* [What needs to be done]
Within the lines below, the span from the line with "Камин и мягкий" to the line with "White Gold Cross Logo", both ends included, is to be reproduced exactly, with pictures omitted.
==== Data provided ====
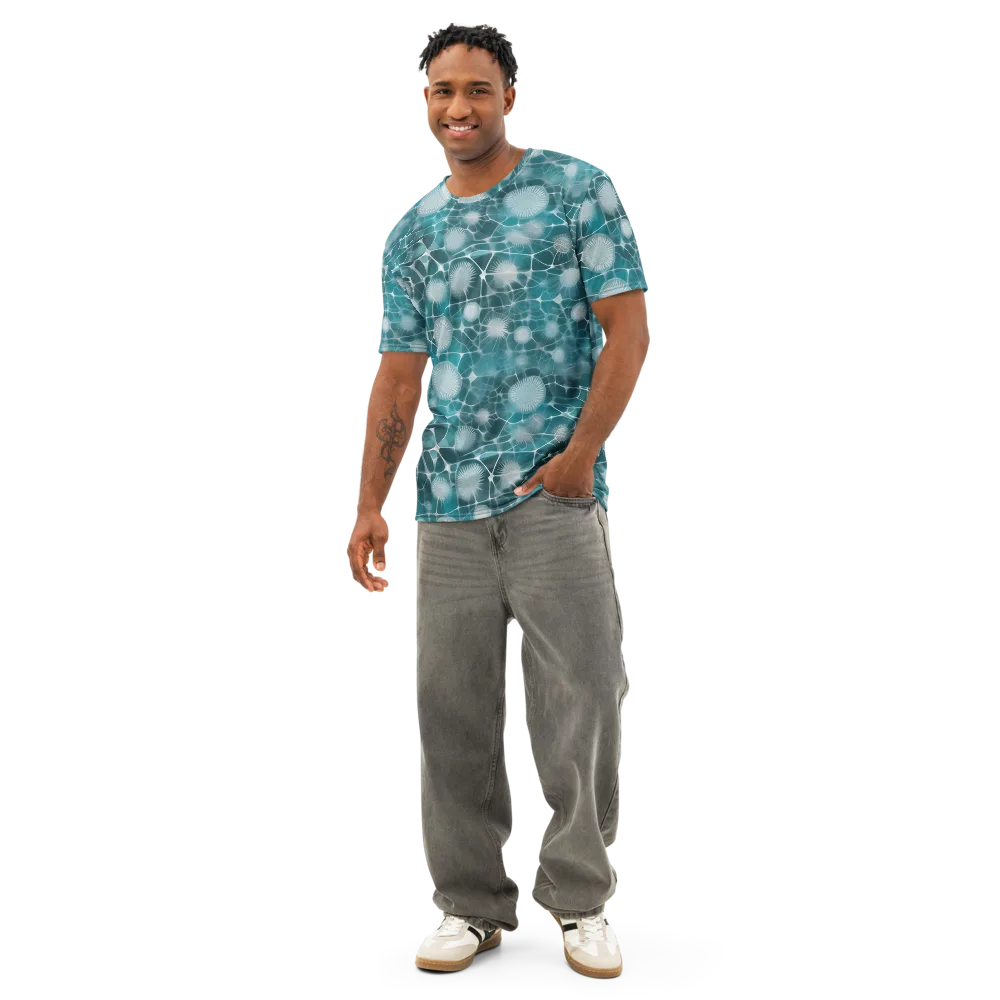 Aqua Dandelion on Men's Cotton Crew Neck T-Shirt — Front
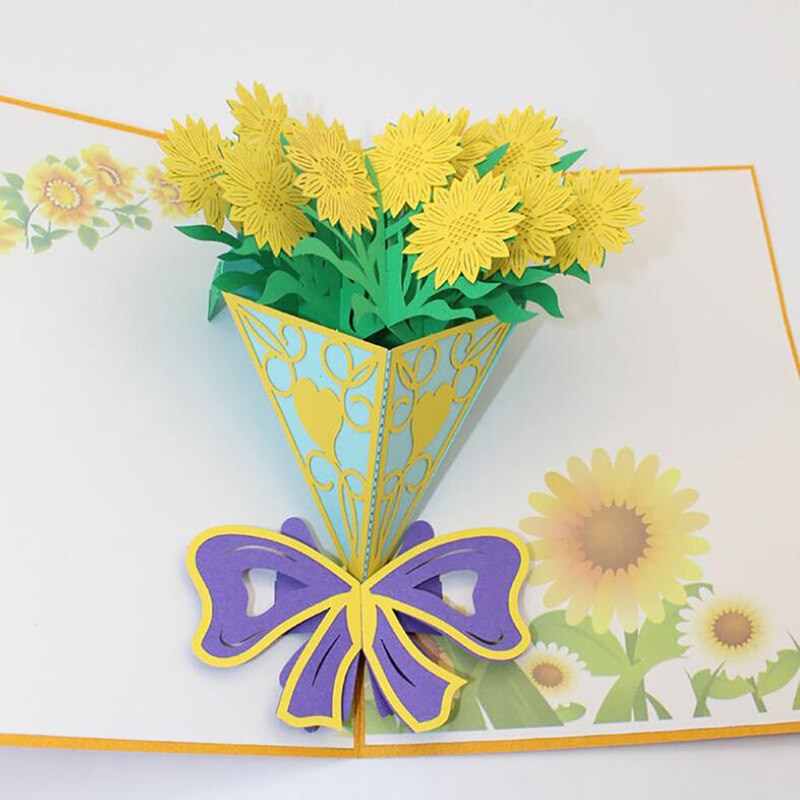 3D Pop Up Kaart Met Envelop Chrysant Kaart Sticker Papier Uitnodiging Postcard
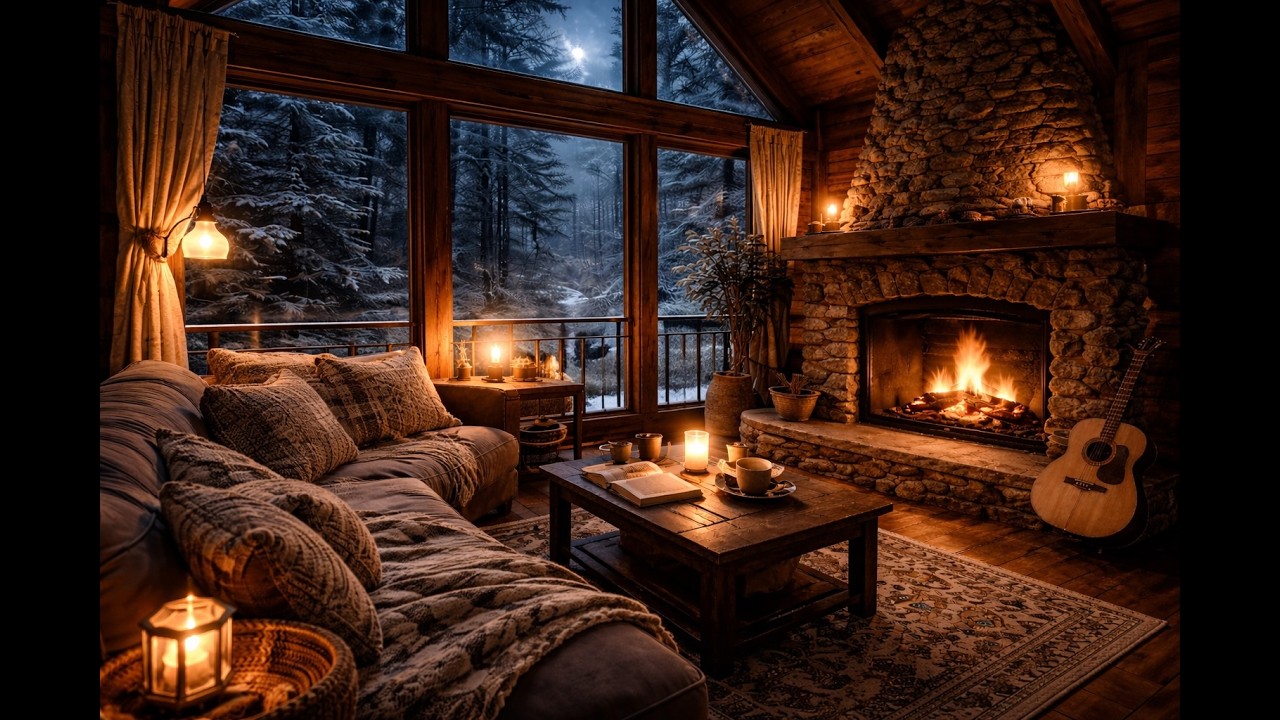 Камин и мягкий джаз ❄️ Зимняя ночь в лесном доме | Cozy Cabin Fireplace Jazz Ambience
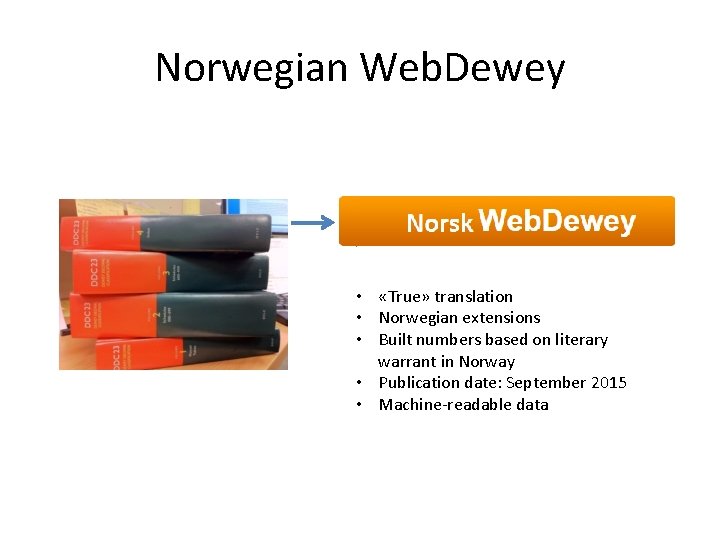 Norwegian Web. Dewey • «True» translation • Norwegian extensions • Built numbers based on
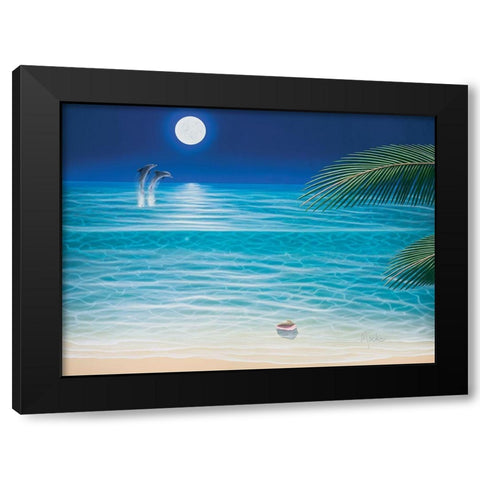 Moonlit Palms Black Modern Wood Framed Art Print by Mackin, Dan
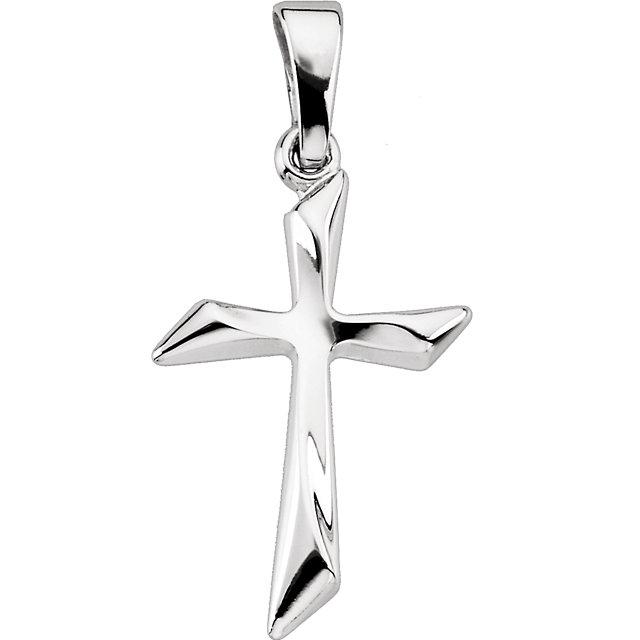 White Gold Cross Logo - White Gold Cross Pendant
====
==== Data provided ====
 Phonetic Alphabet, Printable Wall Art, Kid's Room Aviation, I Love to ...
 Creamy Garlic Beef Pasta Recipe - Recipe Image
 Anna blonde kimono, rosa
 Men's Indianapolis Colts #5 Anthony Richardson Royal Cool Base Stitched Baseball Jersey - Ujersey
====
==== Data provided ====
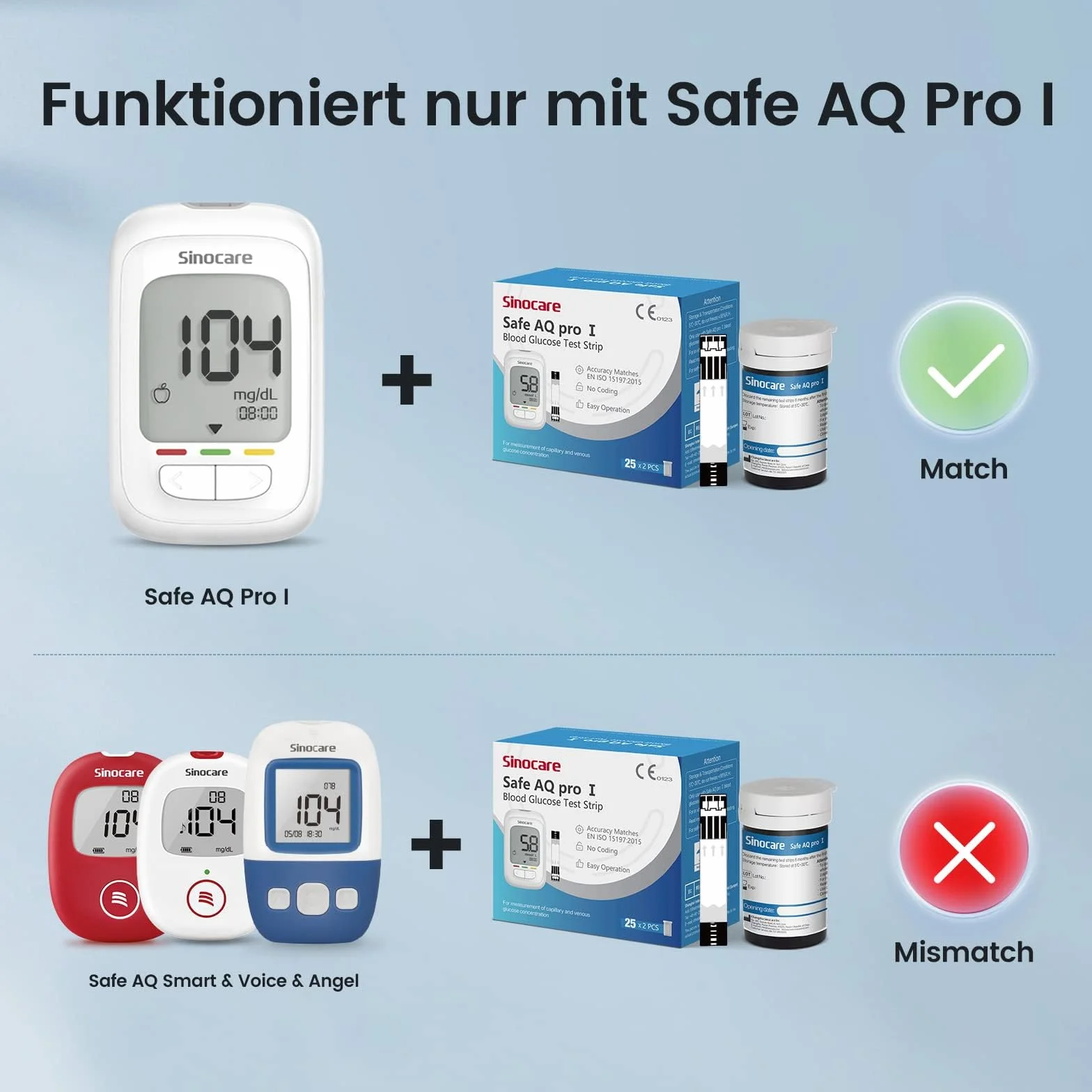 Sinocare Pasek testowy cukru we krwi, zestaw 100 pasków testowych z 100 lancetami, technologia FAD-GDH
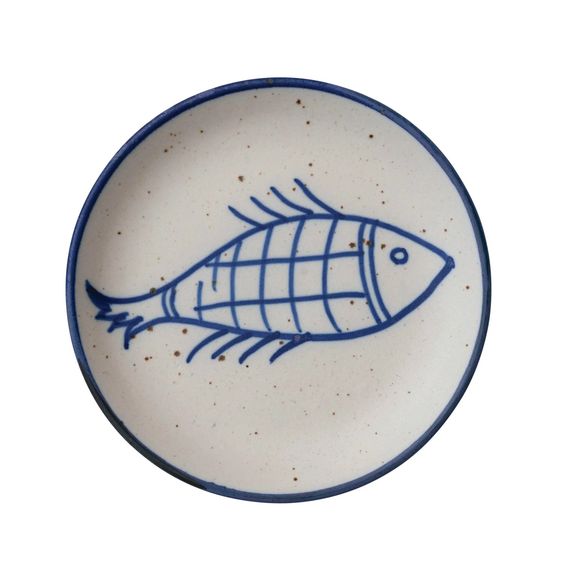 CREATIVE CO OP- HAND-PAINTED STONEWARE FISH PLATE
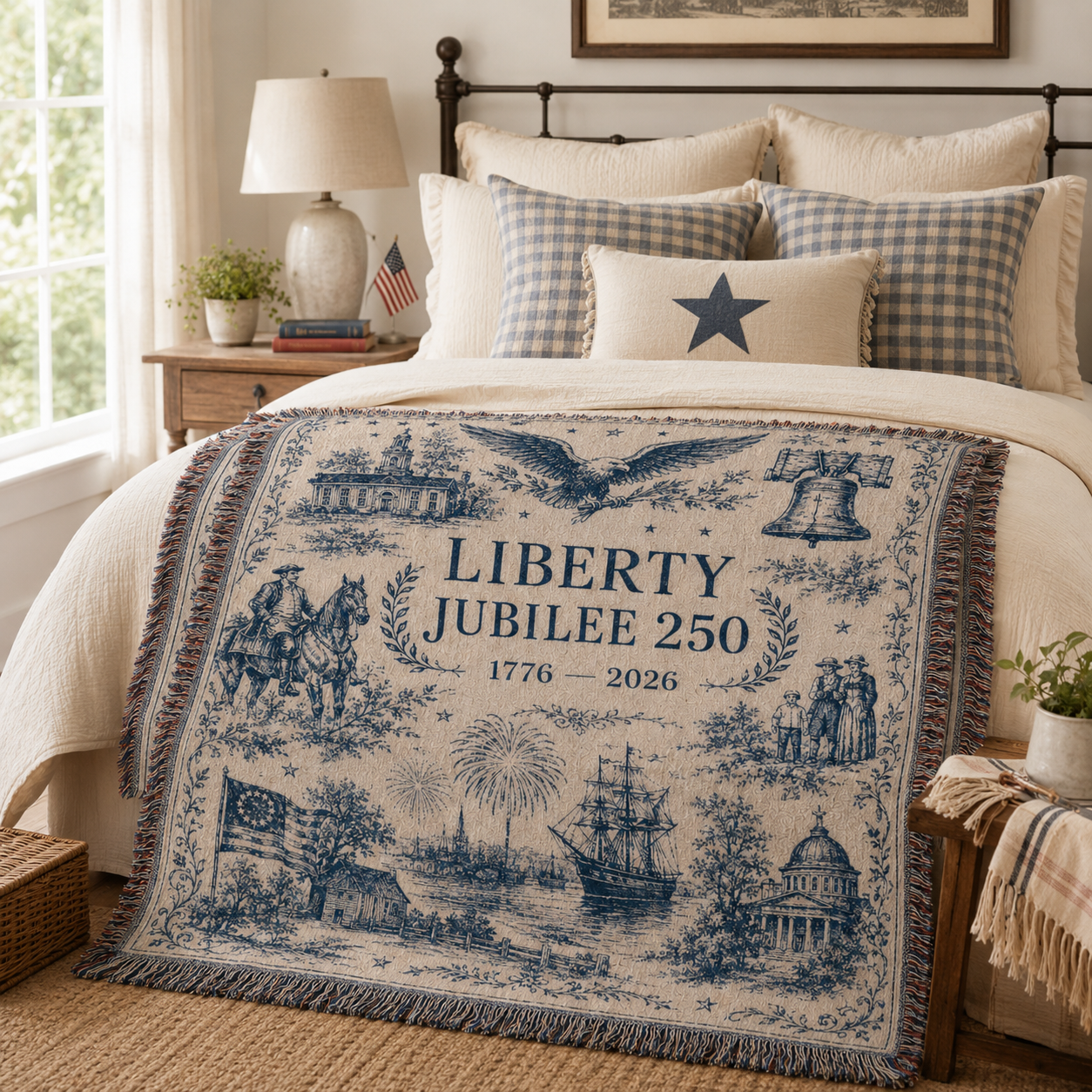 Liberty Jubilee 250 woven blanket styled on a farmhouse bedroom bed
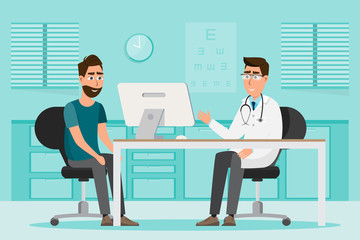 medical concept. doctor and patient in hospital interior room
====
* [Response]
 Камин и мягкий джаз ❄️ Зимняя ночь в лесном доме | Cozy Cabin Fireplace Jazz Ambience
 Norwegian Web. Dewey • «True» translation • Norwegian extensions • Built numbers based on
 Moonlit Palms Black Modern Wood Framed Art Print by Mackin, Dan
 White Gold Cross Logo - White Gold Cross Pendant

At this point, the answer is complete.